(Data entries)

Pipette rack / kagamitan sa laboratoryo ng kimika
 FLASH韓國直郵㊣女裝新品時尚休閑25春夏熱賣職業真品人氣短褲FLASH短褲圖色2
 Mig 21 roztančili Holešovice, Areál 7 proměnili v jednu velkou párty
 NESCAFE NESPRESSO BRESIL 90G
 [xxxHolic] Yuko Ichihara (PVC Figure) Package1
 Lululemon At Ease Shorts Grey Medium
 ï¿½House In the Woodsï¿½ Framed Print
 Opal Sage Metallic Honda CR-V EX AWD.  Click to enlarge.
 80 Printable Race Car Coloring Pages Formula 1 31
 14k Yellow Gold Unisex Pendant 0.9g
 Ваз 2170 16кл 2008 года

• _YOUR OBJECTIVE_
Look above and return each line of the records exactly, from the very first through the line with "Lululemon At Ease Shorts Grey Medium", both included.

• _EXERCISE ANSWER_
Pipette rack / kagamitan sa laboratoryo ng kimika
 FLASH韓國直郵㊣女裝新品時尚休閑25春夏熱賣職業真品人氣短褲FLASH短褲圖色2
 Mig 21 roztančili Holešovice, Areál 7 proměnili v jednu velkou párty
 NESCAFE NESPRESSO BRESIL 90G
 [xxxHolic] Yuko Ichihara (PVC Figure) Package1
 Lululemon At Ease Shorts Grey Medium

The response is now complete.